Yasaya aykırılık halini sadece usul yasasına hasretmek olanaklı değildir.
"Yasaya aykırılık" geniş bir kavram olarak "hukukun zedelenmesi" biçiminde
anlaşılmalı, Usul Yasasının 308. maddesinde açıklanan yargılama yasası
kuralları yanında, maddi ceza yasalarına aykırılık hallerini de kapsamalıdır.
O halde gerek Yargılama Yasası ve gerekse maddi hukuk kurallarına aykırılık
hallerinde yazılı emir yoluna başvurulabilmesi olanaklı olmakla beraber,
hakimin kanaat ve takdirine ait fiili sorunlardan dolayı bu yola
gidilemeyeceği Yargıtay'ın yerleşmiş görüşüdür. Kaldı ki öğreti de aynı
görüşü benimsemektedir (Nurullah Kunter, Ceza Muhakemesi Hukuku, S.
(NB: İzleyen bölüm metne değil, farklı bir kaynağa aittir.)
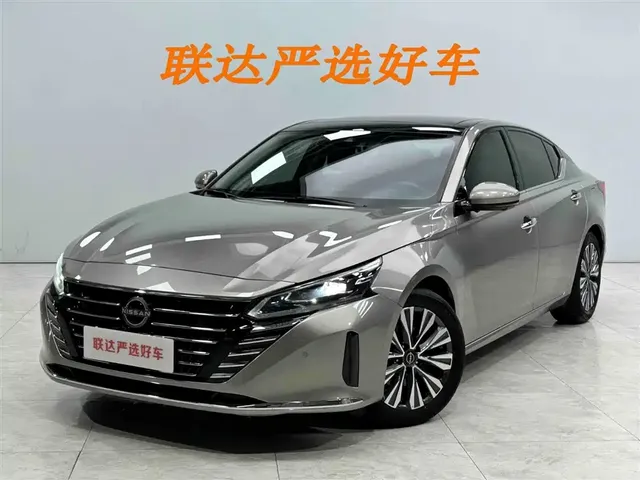 Nissan Teana 2022 2.0L XL-Upr Premium Edition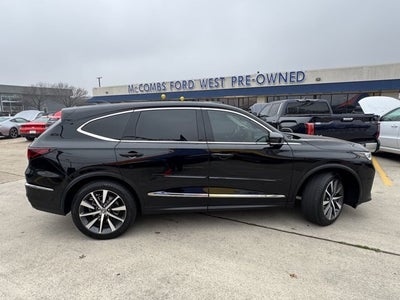 2025 Acura MDX w/Technology Package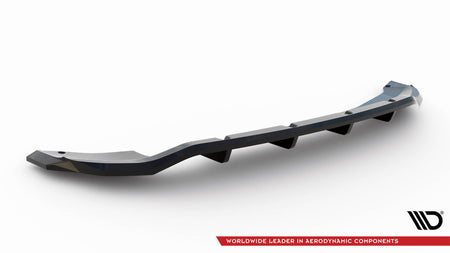 Heckdiffusor Skoda Fabia Monte Carlo Mk4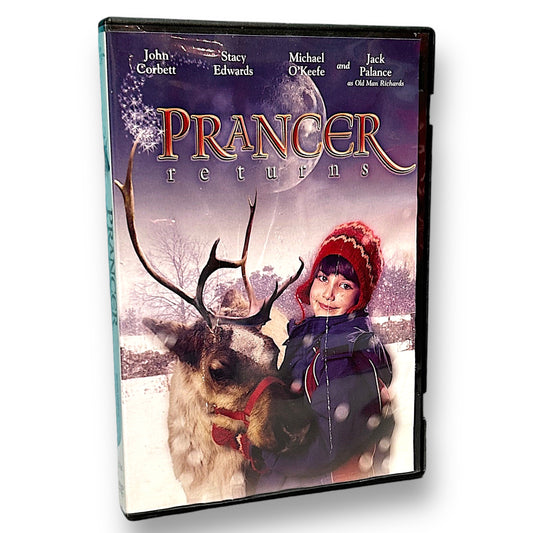 Prancer Returns Christmas DVD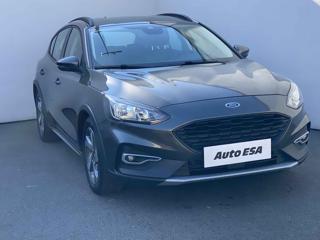 Ford Focus 1.0EB hatchback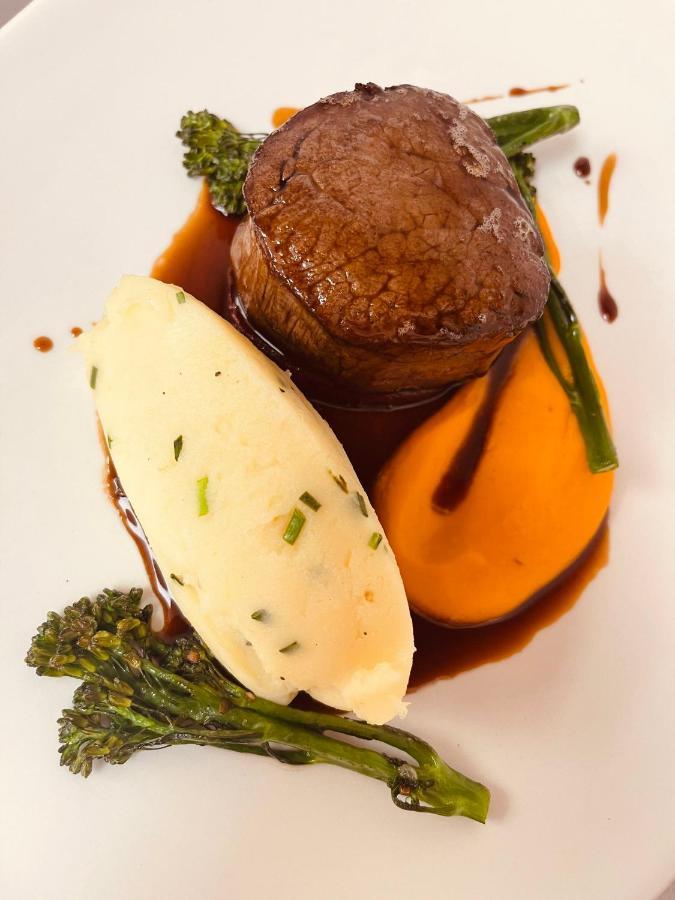 Nuthurst Grange Country House Hotel & Restaurant Solihull Exteriér fotografie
1160-1161; Faruk Erem, Ceza Yargılama Hukuku, S. 599; Baha Kantar, Ceza
Muhakemeleri Usulü, 4. Bası, S. 402 ve 26.10.1932 gün ve 29/12 sayılı
İçtihadı Birleştirme Kararı).
O halde yazılı emire konu olabilecek yasaya aykırılık halleri, uygulamadaki
esaslı yanlışlıklar ve esasa etkili usul hatalarıdır.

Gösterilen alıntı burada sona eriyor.